## DATA TO USE
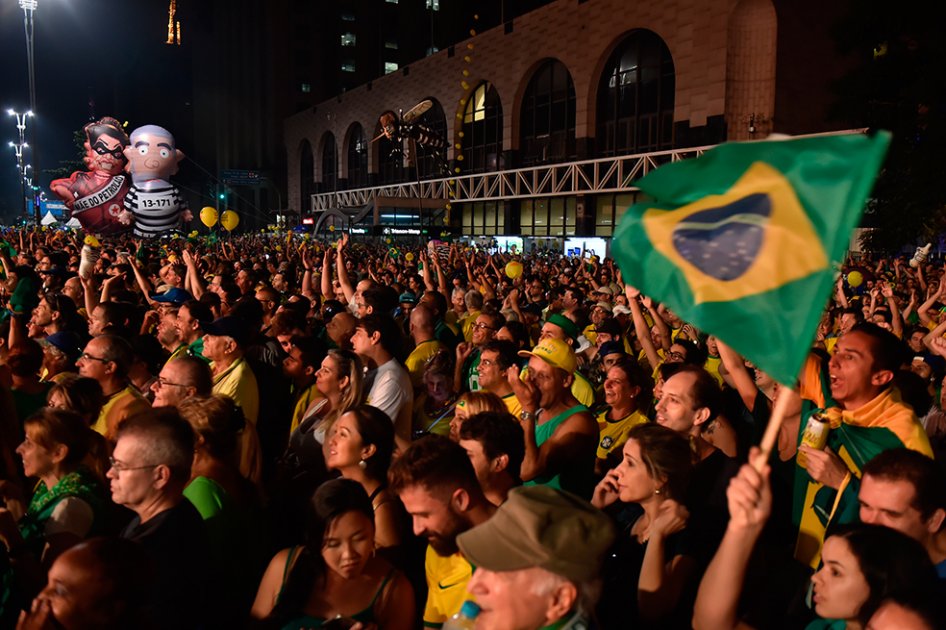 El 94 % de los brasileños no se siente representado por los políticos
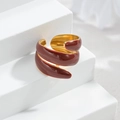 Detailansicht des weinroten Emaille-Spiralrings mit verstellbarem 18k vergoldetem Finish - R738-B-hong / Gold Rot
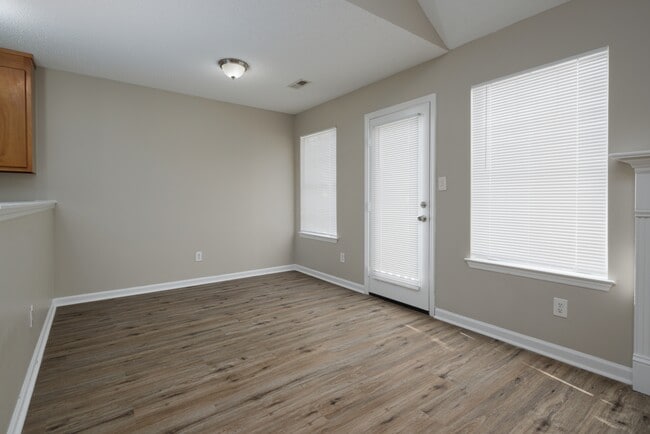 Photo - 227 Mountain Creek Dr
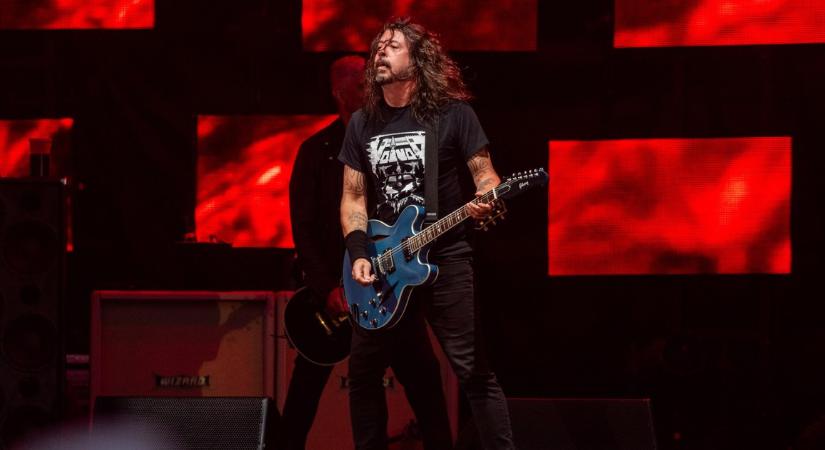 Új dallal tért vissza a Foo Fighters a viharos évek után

...

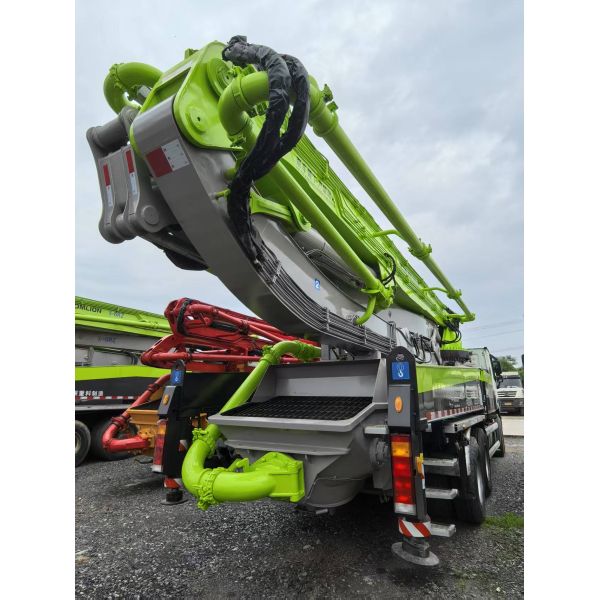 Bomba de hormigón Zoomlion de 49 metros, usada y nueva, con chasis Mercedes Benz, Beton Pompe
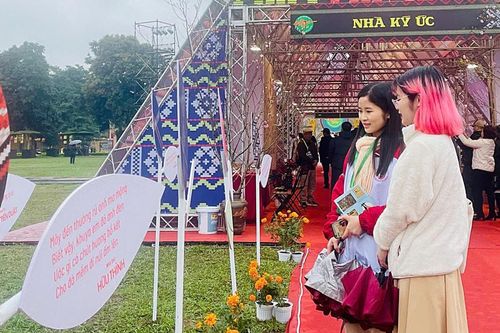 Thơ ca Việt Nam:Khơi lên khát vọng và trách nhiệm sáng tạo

---

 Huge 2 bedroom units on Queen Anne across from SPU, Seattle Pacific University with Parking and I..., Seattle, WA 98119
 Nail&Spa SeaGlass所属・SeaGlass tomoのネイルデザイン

## WHAT THIS TASK INVOLVES
Only the lines of the listing above from the one with "Detailansicht des weinroten" through the one with "Új dallal tért" should be output, exactly, with both ends kept and pictures left out.

## WRITTEN ANSWER
 Detailansicht des weinroten Emaille-Spiralrings mit verstellbarem 18k vergoldetem Finish - R738-B-hong / Gold Rot
 Photo - 227 Mountain Creek Dr
 Új dallal tért vissza a Foo Fighters a viharos évek után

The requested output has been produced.